Не десятерицею ли все это и у нас?.. Так впору не возражать, не защищать мнимое какое-то лагерное "возвышение", а описать сотни, тысячи случаев подлинного растления. Приводить примеры, как никто не может устоять против лагерной философии, выраженной джезказганским Яшкой-нарядчиком: "чем больше делаешь людям гадости, тем больше тебя будут уважать". Рассказать, как недавние солдаты-фронтовики (Краслаг, 1942 года) лишь чуть заглотнув блатного воздуха - потянулись и сами жучковать - литовцев прихватывать, и на их продуктах и вещах поправляться самим, а вы хоть пропадите, зеленые! Как начинали хилять за вора некоторые власовцы, убедясь, что только так в лагере и проживешь. О том доценте литературы, который стал блатным Паханом. Удивиться как заразлива эта лагерная идеология - на примере Чульпенева. Чульпенев выдержал семь лет общего лесоповала, стал знаменитым лесорубом, но попал в больницу со сломанной ногой, а после нее предложили ему поработать нарядчиком. Никакой в этом не было ему необходимости, два с половиной оставшихся года он уже уверенно мог дотянуть лесорубом, начальство с ним носилось - но как уклониться от соблазна? ведь по лагерной философии "дают - бери!". И Чульпенев идет в нарядчики - всего-то на шесть месяцев, самых беспокойных, темных, тревожных в своем сроке. (И вот срок миновал давно, и о соснах он рассказывает с простодушной улыбкой, - но камень на сердце лежит от тех, кто умер от его довода: двухметровый латыш, капитан дальнего плавания, - да он ли один?..)
До какого "душевного лишая" можно довести лагерников сознательным науськиванием друг на друга! В Унжлаге в 1950 г. уже тронутая в рассудке Моисеевайте (но попрежнему водимая конвоем на работу), не замечая оцепления пошла "к маме". Ее схватили, у вахты привязали к столбу и объявили, что "за побег" весь лагерь лишается ближайшего воскресенья (обычный прием). Так возвращавшиеся с работы бригады плевали в привязанную, кто и бил: "Из-за тебя, сволочи, выходного не будет!" Моисеевайте блаженно улыбалась.
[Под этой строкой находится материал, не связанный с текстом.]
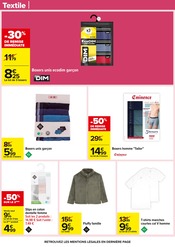 Boxer Homme Angebote im Prospekt "ALCOOLS & BIÈRES" von Carrefour Boxer Homme Angebote im Prospekt "ALCOOLS & BIÈRES" von Carrefour auf Seite 55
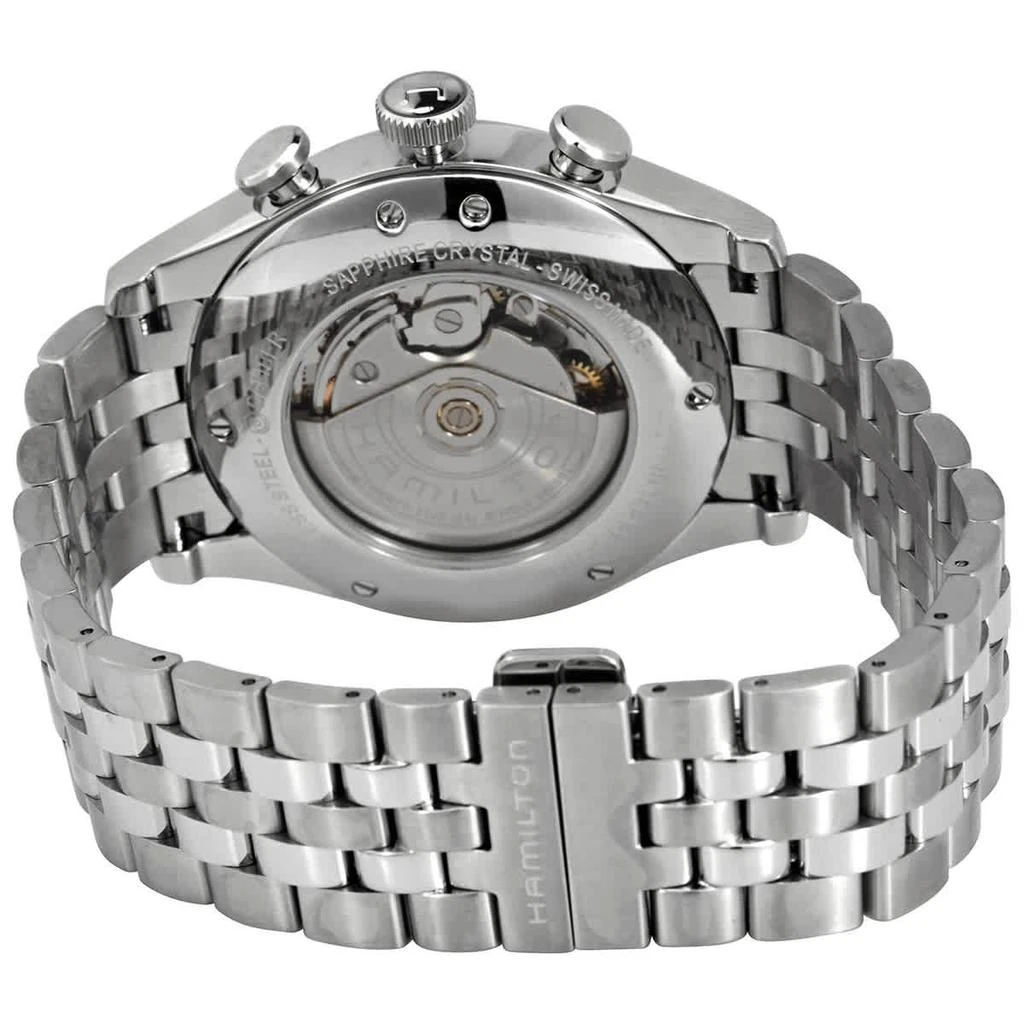 商品Hamilton|Hamilton Mens Chronograph Automatic Watch H32416131,价格¥6364,第3张图片详细描述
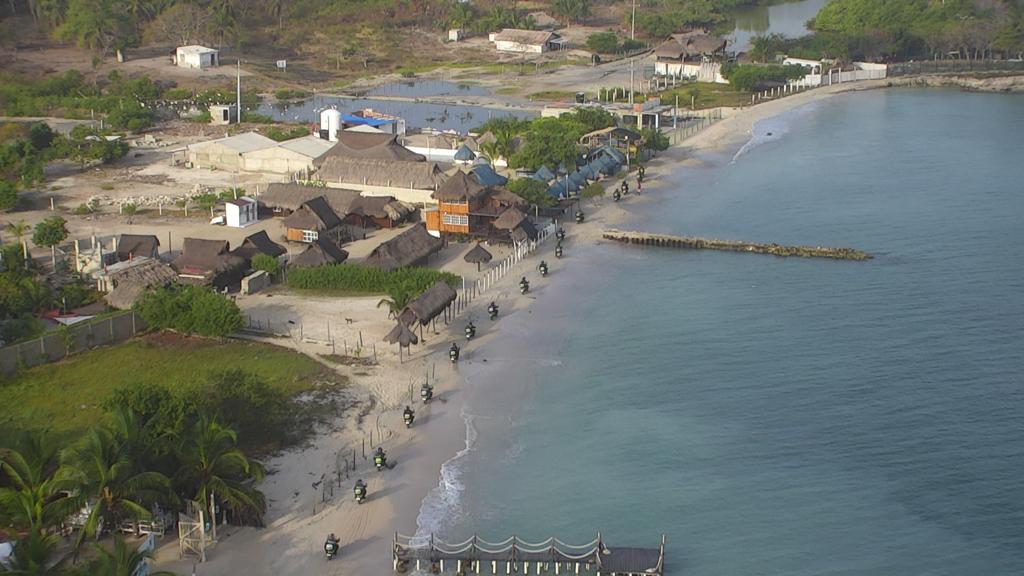 Isla Grande zona insular de Cartagena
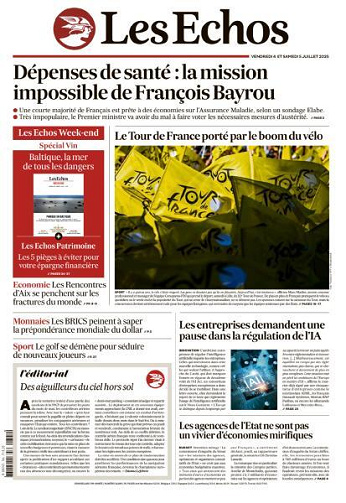 Les Echos - 4-5 Juillet 2025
А сколько растления вносит то демократическое и прогрессивное "самоокарауливание" а по-нашему - самоохрана, еще в 1918 году провозглашенное? Ведь это - одно из главных русл лагерного растления: позвать арестанта в самоохрану! Ты - пал, ты - наказан, ты - вырван из жизни, - но хочешь быть не на самом низу? Хочешь еще над кем-то выситься с винтовкой? над братом своим? На! держи! А побежит - стреляй! Мы тебя даже товарищем будем звать, мы тебе - красноармейский паек.